◆ **WHAT IS BEING ASKED**
What you return should match the data exactly, from the first line to the last.

◆ **DATA SECTION**
——————

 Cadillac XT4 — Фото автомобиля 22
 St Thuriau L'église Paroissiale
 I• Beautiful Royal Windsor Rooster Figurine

——————

◆ **ANSWER BOX**
 Cadillac XT4 — Фото автомобиля 22
 St Thuriau L'église Paroissiale
 I• Beautiful Royal Windsor Rooster Figurine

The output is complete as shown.